Please stop trying to convince people that you're retarded and I suck your dick in the same conversation.
im starting to measure my showers by the number of beers i drink while im in there.
New first...just saw an entire family of homeless hitch hikers...kids and all. God, i love Oklahoma!
I hope the prosecutor is a dude cause my lawyer is hot.
Give me a heads up the next time you BBM me a voicenote of you cumming so I'll make sure not to play it while in the car with my parents. Miss you too.
Stayed out til 7 am.... Did u know there's a guy who goes up and down the quad at that hour playing bagpipes?
Dude between pissing everywhere and all of those frogs, that bathroom got wrecked.
Yep I can make a seagull sound. It's identical. I tried it. They thought I was talking to them. It's pretty cool.
Because drinking and showering don't go hand in hand. There that's my PSA of the day.
We played table tennis, but used tv remotes taped to our foreheads instead of paddles. Every time your opponent scored you took a shot. I'm the current champion as of last night.

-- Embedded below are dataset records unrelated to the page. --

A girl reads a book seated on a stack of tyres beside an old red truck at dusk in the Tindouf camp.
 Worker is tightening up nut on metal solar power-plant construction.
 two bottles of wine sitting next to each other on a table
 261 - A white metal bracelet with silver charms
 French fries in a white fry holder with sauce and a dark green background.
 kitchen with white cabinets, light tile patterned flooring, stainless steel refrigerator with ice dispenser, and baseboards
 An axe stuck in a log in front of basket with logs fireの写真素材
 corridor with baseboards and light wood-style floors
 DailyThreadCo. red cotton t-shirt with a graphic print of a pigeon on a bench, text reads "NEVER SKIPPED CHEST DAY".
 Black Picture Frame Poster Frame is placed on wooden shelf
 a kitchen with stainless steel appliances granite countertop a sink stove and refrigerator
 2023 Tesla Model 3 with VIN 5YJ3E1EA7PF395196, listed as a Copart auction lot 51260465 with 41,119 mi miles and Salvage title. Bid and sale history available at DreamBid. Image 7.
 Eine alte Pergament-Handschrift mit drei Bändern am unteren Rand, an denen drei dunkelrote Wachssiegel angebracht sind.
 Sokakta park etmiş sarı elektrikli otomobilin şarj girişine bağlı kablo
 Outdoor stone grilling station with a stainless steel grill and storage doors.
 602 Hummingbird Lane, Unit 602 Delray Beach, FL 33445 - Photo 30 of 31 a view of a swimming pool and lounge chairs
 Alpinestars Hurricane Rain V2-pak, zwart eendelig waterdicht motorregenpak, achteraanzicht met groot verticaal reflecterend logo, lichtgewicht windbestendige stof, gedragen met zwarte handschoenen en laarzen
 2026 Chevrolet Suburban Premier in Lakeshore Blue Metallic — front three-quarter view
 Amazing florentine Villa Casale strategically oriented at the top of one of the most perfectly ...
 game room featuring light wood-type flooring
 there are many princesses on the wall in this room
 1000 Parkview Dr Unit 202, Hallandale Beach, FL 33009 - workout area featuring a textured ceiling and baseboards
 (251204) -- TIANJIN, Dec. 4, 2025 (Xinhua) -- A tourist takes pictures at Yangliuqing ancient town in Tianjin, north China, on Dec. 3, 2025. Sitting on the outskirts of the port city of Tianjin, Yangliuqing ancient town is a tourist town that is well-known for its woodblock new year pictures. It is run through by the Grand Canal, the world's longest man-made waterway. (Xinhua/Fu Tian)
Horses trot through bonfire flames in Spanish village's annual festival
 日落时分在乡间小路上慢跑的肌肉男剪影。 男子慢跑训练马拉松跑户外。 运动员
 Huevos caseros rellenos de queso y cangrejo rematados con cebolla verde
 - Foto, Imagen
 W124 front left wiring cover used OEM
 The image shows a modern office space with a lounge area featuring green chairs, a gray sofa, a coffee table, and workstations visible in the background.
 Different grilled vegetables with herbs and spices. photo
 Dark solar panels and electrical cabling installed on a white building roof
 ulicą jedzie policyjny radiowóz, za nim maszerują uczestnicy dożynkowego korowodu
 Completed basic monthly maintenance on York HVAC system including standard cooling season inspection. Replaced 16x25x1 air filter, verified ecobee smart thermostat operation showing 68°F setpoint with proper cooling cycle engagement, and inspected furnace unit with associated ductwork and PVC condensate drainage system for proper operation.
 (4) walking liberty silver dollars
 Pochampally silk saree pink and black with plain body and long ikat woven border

I felt kinda awkward walking into his house in nothing but lingerie and my dead grandmas overcoat
I don't know if I'm more excited about sex or that I have an excuse to smoke a cigarette
I've literally exhausted all the videos on pornhub. It took like 4 years, but I've done it. I did that quicker than I finished college
Headphones came off my phone same time as The Weeknd sang "Who's gonna fuck you like me?"...Everyone at work heard it.
We won like $80 last night at the casino, so if we get the Plan B we still have enough to get your basic bitch latte from Dunkin. Calm down.